The second half of ABCC’s affiliation reasoning is equally flawed. In its Memorandum and Order, the Commission attaches great significance to the fact that the APA invested Bethenny Frankel with aspects of product control for a period of time following the sale’s closing, and that the overall transaction contemplated a substantial ongoing role for Frankel in the marketing of Skinnygirl Margarita going forward. But so what? Even if these facts constituted a basis for finding a continuing affiliation between Frankel and Beam, there is no evidence that would allow Frankel to be substituted for Palm Bay for Section 25E imputation purposes in this case. Neither Frankel nor BB Endeavors ever supplied Skinnygirl Margarita products to United; and, whatever her degree of control over the brand pre- and post-acquisition, there is no evidence that Frankel had any kind of legal or contractual connection to Palm Bay. This undisputed fact independently defeats a core element of ABCC’s decisional rationale.

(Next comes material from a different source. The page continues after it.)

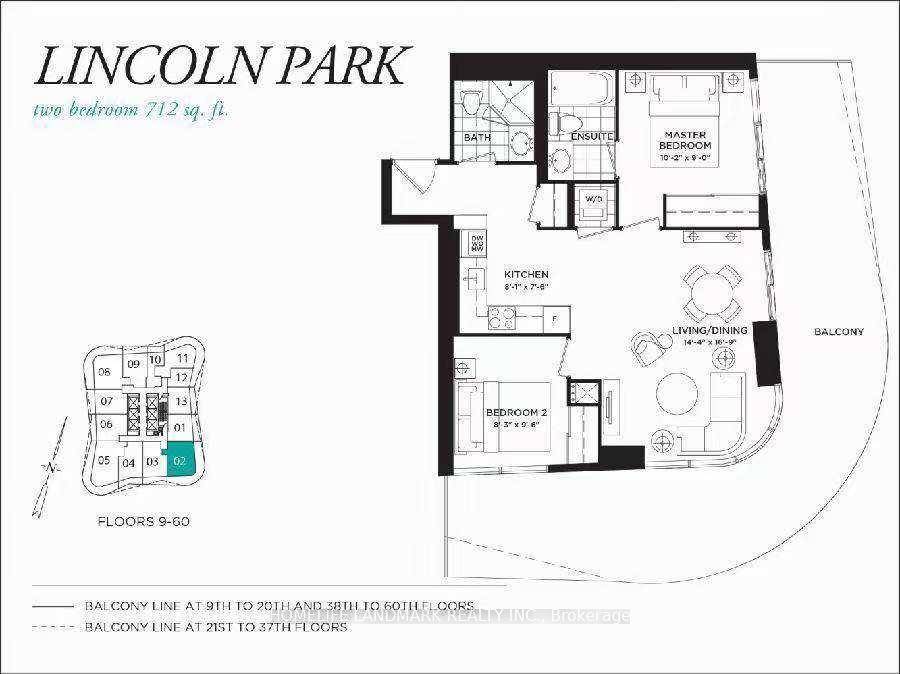 712 Sqft Two Bedrm Unit W Large Balcony Clear Southeast View In Luxury Condo Wellesley On The Park By Lanterra At Downtown Core.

The essence of the contrary conclusion reached by the Commission, and its supporting reasoning, is succinctly captured in its Opposition to Plaintiffs Motion for Judgment on the Pleadings. The Commission argues:

The first basis for the Commission’s Order was its conclusion that there is a continuing affiliation between the successor supplier of the Margarita, Beam, and the former supplier, Palm Bay. This conclusion necessarily required the Commission to reach two subsidiary conclusions: (1) that Palm Bay, which was *439not a party to the APA or sale, was affiliated with those parties that were — i.e., the Seller Parties; and (2) that the Seller Parties had a continuing affiliation with Beam after the sale closed.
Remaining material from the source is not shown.